* [TO DO]
Transcribe only part of the material below: the lines from the one containing "Casa para venda" through the one containing "Sanctuary Gainesville Bright", inclusive, exactly as written.

* [MATERIAL SUPPLIED]
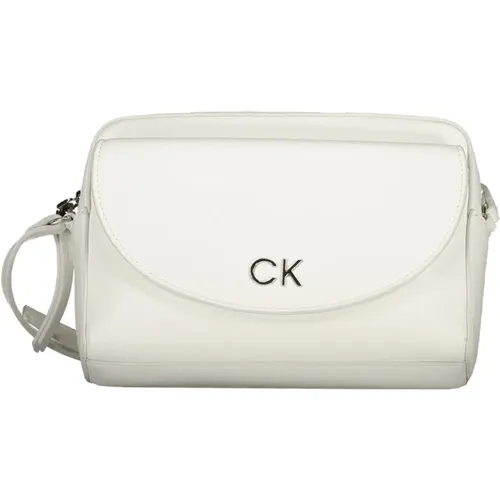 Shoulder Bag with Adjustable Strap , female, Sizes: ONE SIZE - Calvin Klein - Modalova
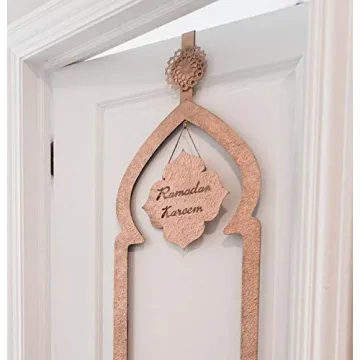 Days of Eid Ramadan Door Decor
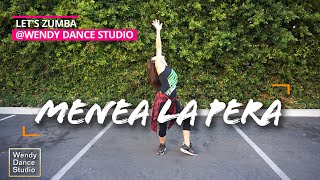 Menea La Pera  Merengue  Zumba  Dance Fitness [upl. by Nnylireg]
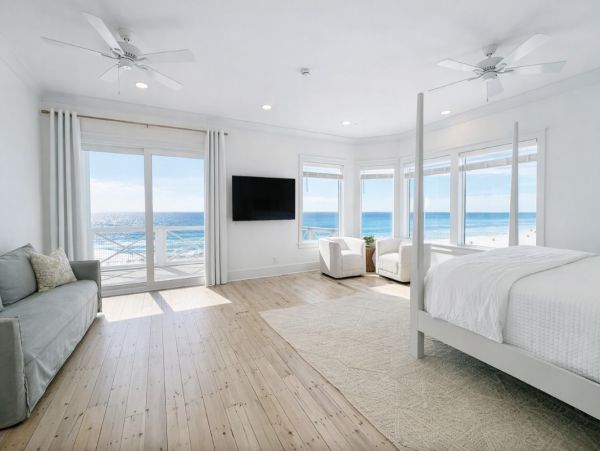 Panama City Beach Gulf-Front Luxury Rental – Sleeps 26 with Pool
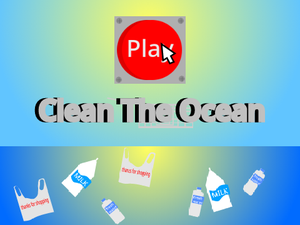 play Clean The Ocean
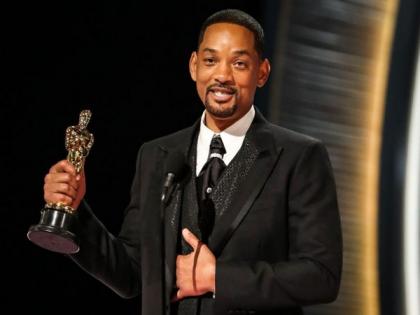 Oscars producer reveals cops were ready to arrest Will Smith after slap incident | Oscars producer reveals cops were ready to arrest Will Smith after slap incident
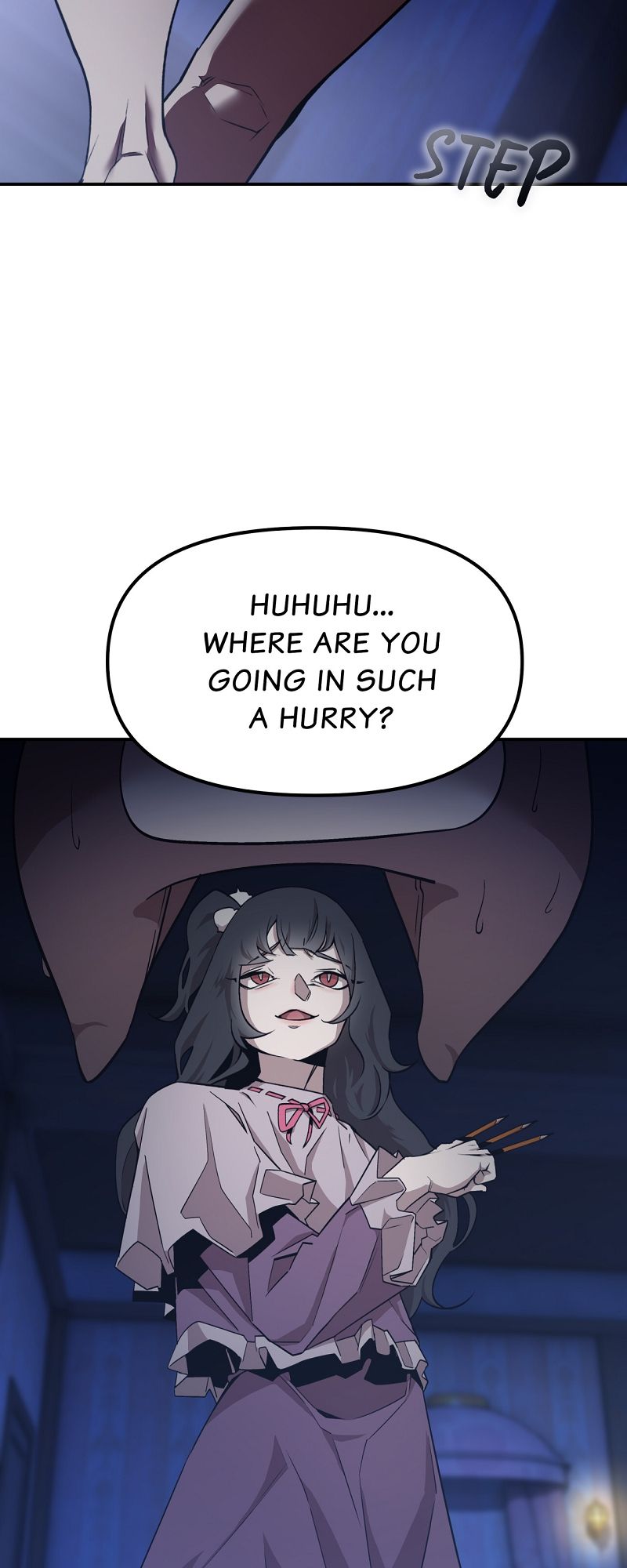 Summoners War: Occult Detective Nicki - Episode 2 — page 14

* * *

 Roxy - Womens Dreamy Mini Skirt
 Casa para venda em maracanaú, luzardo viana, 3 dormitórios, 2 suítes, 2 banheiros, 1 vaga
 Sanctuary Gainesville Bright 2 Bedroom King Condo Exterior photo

* [ANSWER TO THIS EXERCISE]
 Casa para venda em maracanaú, luzardo viana, 3 dormitórios, 2 suítes, 2 banheiros, 1 vaga
 Sanctuary Gainesville Bright 2 Bedroom King Condo Exterior photo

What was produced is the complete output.